Green Light - Yellow Light - Red Light...which way?
Thursday, August 23, 2012
So...I didn't go to the gym this morning. And I won't be going later. Thankfully, I can say that this was done on purpose. My shoulders are beyond sore today. I need to give them a day to rest before I put them through any more punishment. Let it be known that this August I have learned how to listen to my body better and I think it's paying off. Just yesterday I remarked that my butt seemed smaller. The shirt that was tight just a month ago fits me perfectly now. The pants that used to be a pain to get zipped are starting to get a bit baggy in the bum area. And I peeked at the scale this morning with fear in my throat and got a bit of a happy surprise (nothing official until September 1st, though, but let's just say it would allow me to mark off a few of my "goals" on my front page).

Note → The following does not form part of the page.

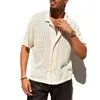 Chemises décontractées pour hommes chemise de plage pour haut ajusté à manches courtes mode imprimé vêtements d'été 2023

Today the plan is to ice and drink a ton of water. Last night after work I wasn't feeling quite myself. I've been having a lot of this lately as I try to adjust and figure out who the hell I am and what I really want. I went home and lay down on the bed while messaging Hubs...and then I woke up about 30 minutes later, sent him an almost incoherent message, and passed out again for a while longer. Around 7pm, I got up, changed out of my work clothes and into regular people's clothes, and headed down to town to meet up with him. I don't know why...I just had to get out of the house. There were leftovers for the kids in the fridge, I knew. They could stand one night where I didn't cater to them.
I ended up at Hubs' work, where I waited the last hour with him until he got off. Then we headed over to the Mexican restaurant where I broke all the rules but got some amazing homemade chorizo. Afterward, we headed to the store to buy Ethan an alarm clock and then I headed home where I crashed on the couch.
I felt like a sloth yesterday.
I felt lazy and slow and stupid.
And 6:30am was so early, somehow I didn't even realize that it was the same day I had swam a mile straight and I didn't need to feel that way.
I went to bed feeling really sore in my shoulders. My arms kept falling asleep and I was having terrible dreams. I woke up as Hubs was coming to bed and I finally rested when he was next to me. When the alarm went off at 4:30am, I got up, reset it for later, and went back to sleep.
Even when I have "failed" this month, for the most part I've done it consciously and without shame or guilt. And that already makes me feel a lot better.
I'm stressing over my plan for next month. I don't know where to go with my training. I'm running out of food ideas and my budgeting isn't working right yet. And I don't want to end August with a win and then go into September lost, so that's probably what happened to my head yesterday.
Off to ice my shoulders.
Off to drink a ton of water (bloated from the gluten and dairy I had last night...and tons and tons of sodium).
Off to try to settle my head as I find a plan.
Fall is coming.
There is reason to rejoice.
If I can sort out the whens and wheres and hows, I can sail through September and have myself a blast.
Just gotta sort it out in my head and then put it down on paper.
What are you guys all doing for training this fall? Got any ideas to help me along? I want to keep swimming. I love it. But I don't want to push this like I did the running and really injure my shoulders. I really want to run again, and I've been thinking of learning the taping techniques for my PF foot so that I can make small strides in that direction. And part of me wants to steal Hubs' bike and start getting some use out of that. But I'm scared I won't be able to do it...and the roads we live on aren't exactly helpful for those relearning.
Lost.
Anyone got a directional sign I can borrow?!